Déjà, pour ses prédécesseurs, la ligne entre les «dépenses remboursables» et «l'allocation» allouée au lieutenant-gouverneur était souvent vague, mais il semble que les enquêteurs ont établi qu'il s'agissait de «dépenses», que devait par conséquent justifier Mme Thibault. Les enquêteurs de la division des crimes économiques de la Sûreté du Québec ont rencontré Mme Thibault le 9 octobre, à son domicile. Son aide de camp, Guy Hamelin, a été interrogé le même jour.

La semaine dernière, Mme Thibault avait demandé que les fonds publics paient ses frais de déplacement et d'hébergement pour lui permettre de témoigner.
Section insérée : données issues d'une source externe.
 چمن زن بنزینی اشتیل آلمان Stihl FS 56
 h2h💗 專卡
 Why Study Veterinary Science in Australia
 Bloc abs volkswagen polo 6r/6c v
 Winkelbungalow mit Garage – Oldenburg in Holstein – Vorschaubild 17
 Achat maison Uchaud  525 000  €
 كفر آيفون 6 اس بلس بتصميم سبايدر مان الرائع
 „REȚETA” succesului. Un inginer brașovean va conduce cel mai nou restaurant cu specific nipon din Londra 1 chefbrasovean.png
La Commission de l'administration publique a refusé sur-le-champ de créer un tel précédent.

Aujourd'hui, les députés entendront Renaud Lachance, le vérificateur général, dont le rapport en juin 2007 avait affirmé que Mme Thibault avait, en 10 ans, dépensé 700 000$ de fonds publics à des fins personnelles. M. Lachance avait souligné que les livres de Mme Thibault faisaient état, entre autres, de 45 000$ de «cadeaux» sans que le bénéficiaire soit identifié, 44 000$ remboursés aux gardes du corps pour des pourboires qu'ils avaient laissés, 14 000$ pour des repas pris à proximité de la résidence de Mme Thibault, sans raison officielle. Le vérificateur avait observé aussi des dépenses de 12 000$ pour une excursion de pêche, 4000$ pour une réception pour l'anniversaire d'un membre de la famille de Mme Thibault et 4600$ pour un voyage de ski au Mont-Tremblant.
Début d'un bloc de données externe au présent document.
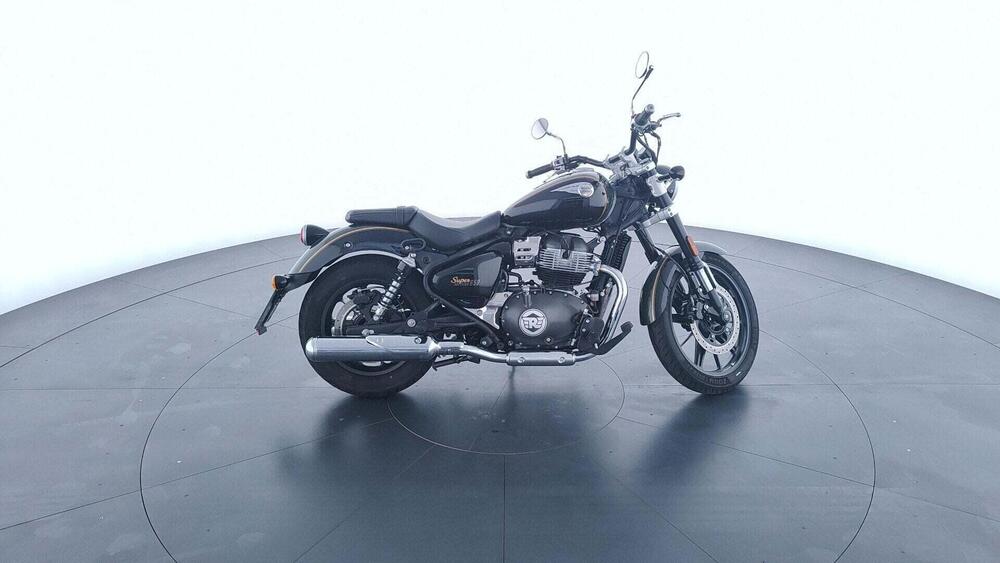 Royal Enfield Super Meteor 650 (2023 - 26) (4)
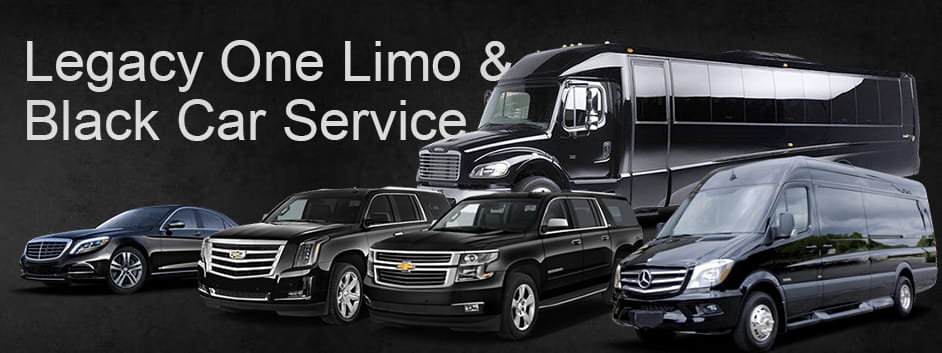 Benbrook black car service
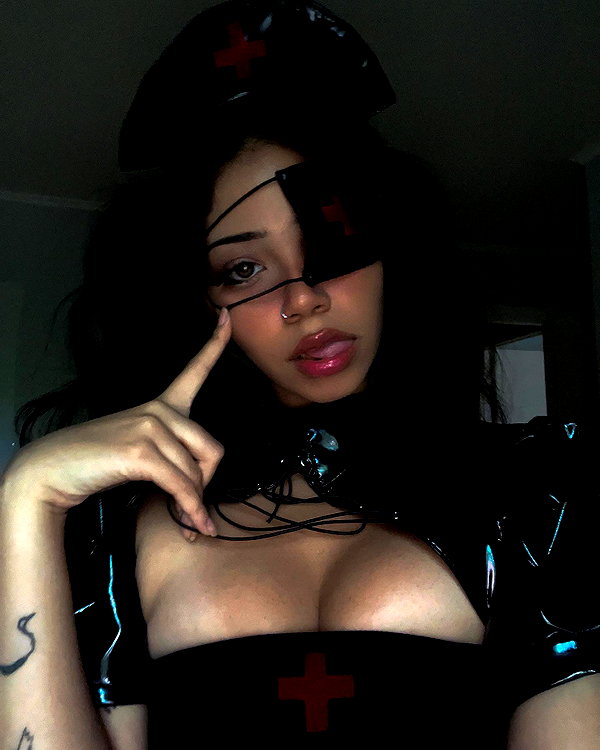 pixieonyxx instagram image archive image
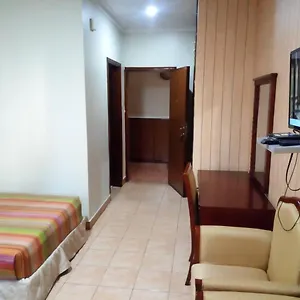 Hotel Emerald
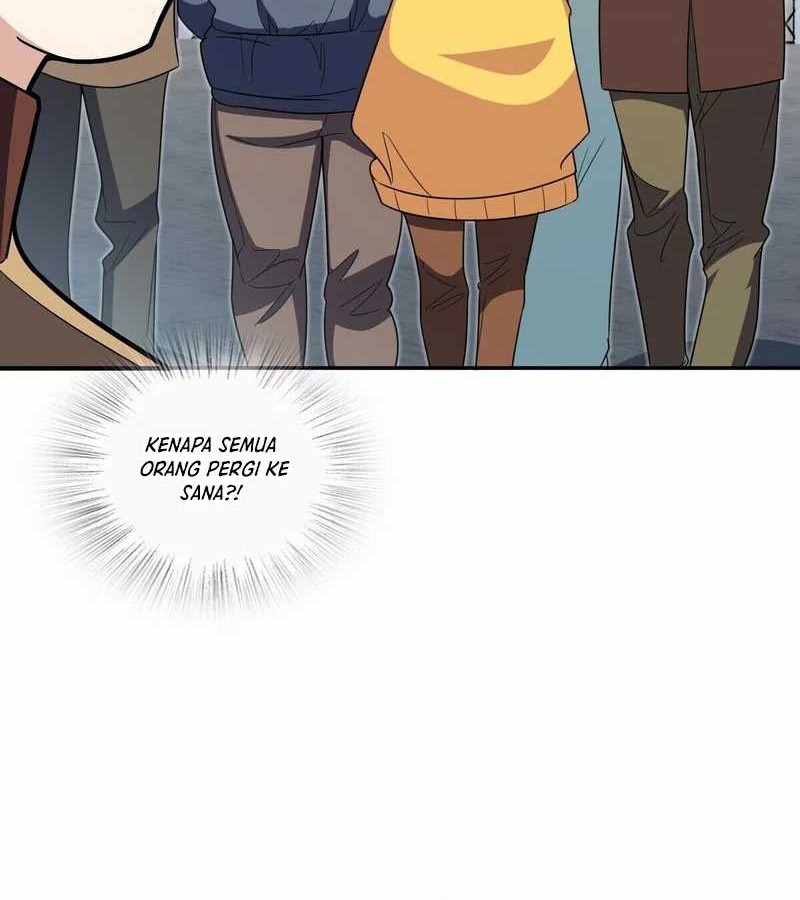 My Wife Is From a Thousand Years Ago Chapter 373 - halaman 7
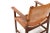 Danish Teak Armchair by Mogens Lassen for Thorald Madsen, 1950s For Sale - Image 6 of 13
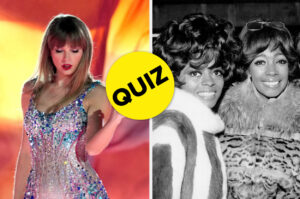 You Deserve A Grammy If You Can Get A Perfect Score On This General Music Knowledge Quiz
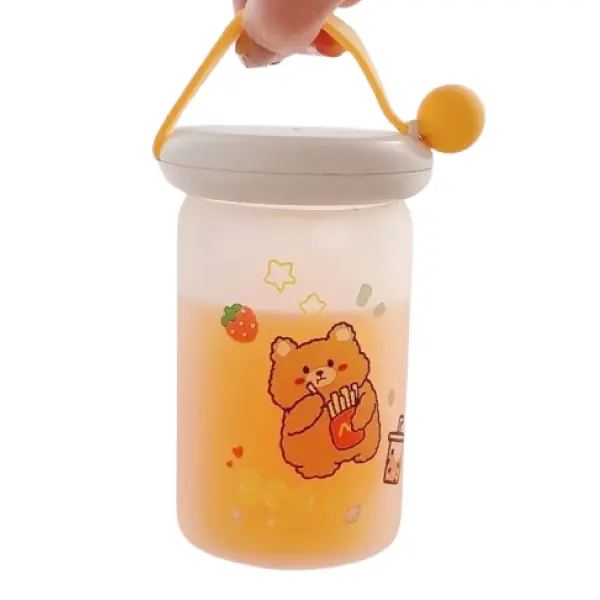 VASO 3500ML 2001 VIDRIO 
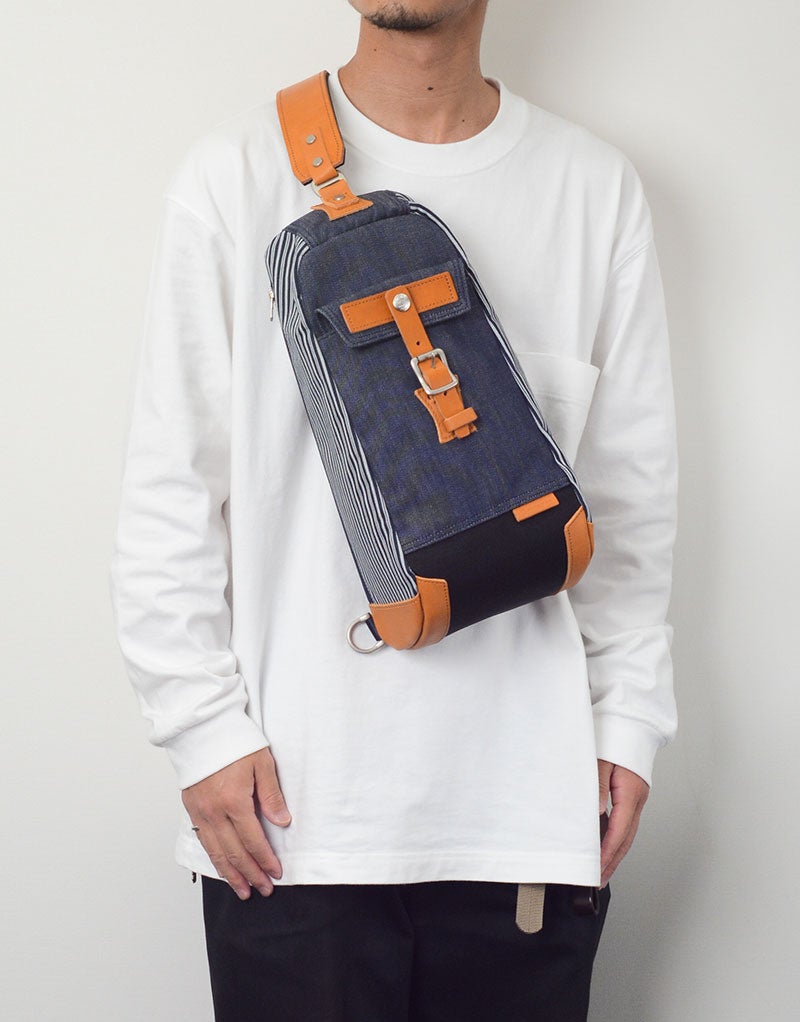 ever sling bag No.24257-V4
Obtenue en vertu de la loi fédérale sur l'accès à l'information gouvernementale, une note d'information à la ministre de Patrimoine Canada, Josée Verner, indique qu'Ottawa, de concert avec Québec, devant les abus constatés, avait proposé de mettre sur pied un nouveau mécanisme pour payer les coûts du bureau du lieutenant-gouverneur. Le document identifié «secret» qui date d'octobre 2007, précise que le nouveau protocole d'entente «mettrait en oeuvre le transfert de fonds fédéraux au ministère du Conseil exécutif (à Québec) pour l'usage du lieutenant-gouverneur et rendrait les fonds sujets aux cadres de gestion et d'imputabilité provinciaux», précise le document.

La sous-ministre fédérale, Judith A. LaRocque, souligne qu'avec un tel mécanisme, le Québec «serait la seule province avec un outil de financement différent pour la fonction de lieutenant-gouverneur».
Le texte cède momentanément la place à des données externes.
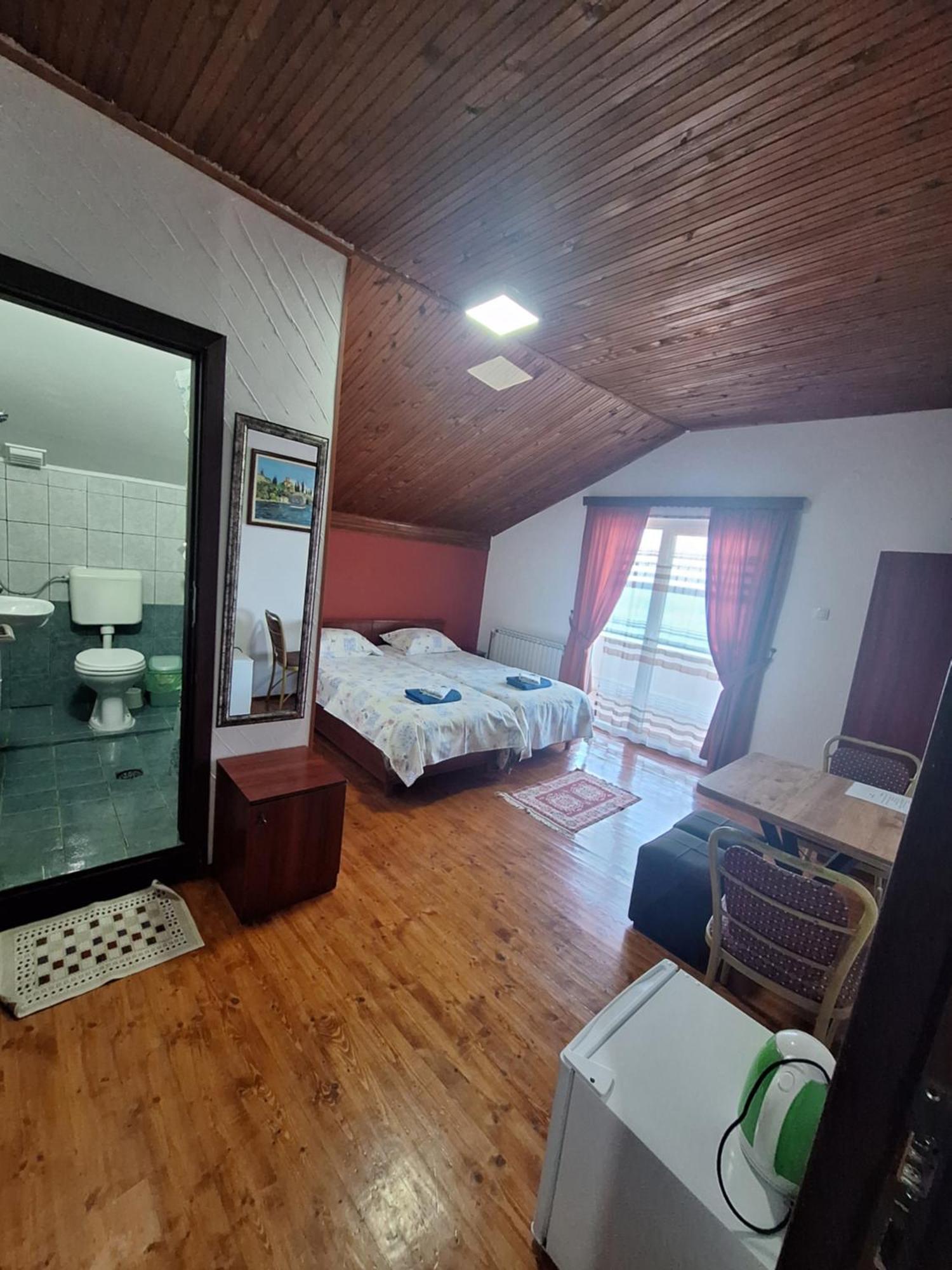 Villa Filip Trpejca Habitación foto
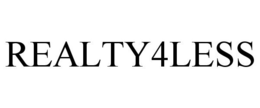 REALTY4LESS trademark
La note prévoyait déjà que le secrétaire général du Québec, Gérard Bibeau, devait venir témoigner devant une commission parlementaire - ce sera chose faite demain, un an plus tard. «Il serait souhaitable que M. Bibeau puisse faire référence à une entente de principe avec le gouvernement lors de sa comparution», indiquait Patrimoine Canada.

Selon Marie-Claire Ouellet, porte-parole du Conseil exécutif à Québec, les deux gouvernements ont entrepris des discussions pour simplifier la comptabilité des dépenses du lieutenant-gouverneur, mais ces pourparlers n'ont pas encore abouti à une conclusion.